PW      Parle-moi de ton univers, de tes influences.

LD      J’ai un attrait certain pour tout ce qui dépasse la temporalité d’une vie humaine (mais aussi sa vision) par son archaïsme, que ce soient les vestiges archéologiques, la lente transformation interne des minéraux, les corps célestes, les mythes et croyances ancestrales ou encore les langues mortes. Je m’intéresse particulièrement aux traces laissées par l’homme qui témoignent d’une tentative de relation au cosmos et au temps, et à la manière dont le paysage et le minéral sont sculptés par des reliefs imaginaires reflétant des conceptions d’un au-delà, comme dans le cas des nécropoles… Ce qui m’émeut, c’est l’assujettissement de ces inscriptions même à l’érosion aveugle des éléments et du temps, leur inévitable retour à l’informe.

PW      Comment s’articule ton processus créatif ?

LD      Cela commence toujours par une expérience sensible et physique d’un lieu que je traverse et où je réalise mes clichés argentiques.
 Je voyage à la rencontre de lieux de mémoire minérale : musées d’antiquités, sites géologiques, parcs archéologiques, etc. Dans mes assemblages, je cherche à mettre en relation différentes échelles de temps et d’espace et à troubler leur frontières. Je traduis mes sentiments liés à l’expérience de ces lieux par une imagerie paysagère fantasmagorique, où la matière chimique de l’image devient le terrain d’une exploration technique qui rejoue des processus de fragmentation, d’arénisation, de transformation de la matière.

PW      Pourrais-tu me décrire une pièce que tu présentes et dont tu es particulièrement fière ?
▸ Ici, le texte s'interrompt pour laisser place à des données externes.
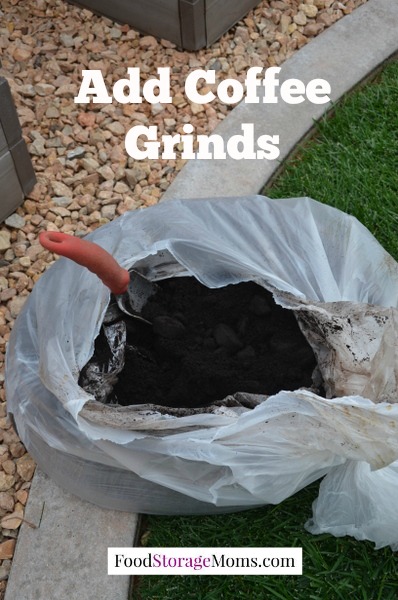 How To Prepare Your Garden so you are ready for planting next Spring by FoodStorageMoms.com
LD      43° 40’ 04" N, 101° 31’ 29" E est mon premier cyanotype grand format. C’est un travail à la croisée des techniques digitales et analogiques qui pousse plus loin cette exploration de la matière et des échelles de l’image que je ne l’avais fait auparavant. Agrandie, fragmentée puis recomposée, cette image bleue ouvre un espace pictural trouble et immersif. Le regard y navigue au travers d’une grille d’observation, pouvant évoquer celle du carroyage archéologique ou du découpage fictif des cieux et océans, à laquelle se confrontent les vestiges d’une image atomisée en un étrange tissu entropique, fruit de l’entrelacs des différents subjectiles utilisés (sels d’argent, pixels, bruit, trame et grain du papier).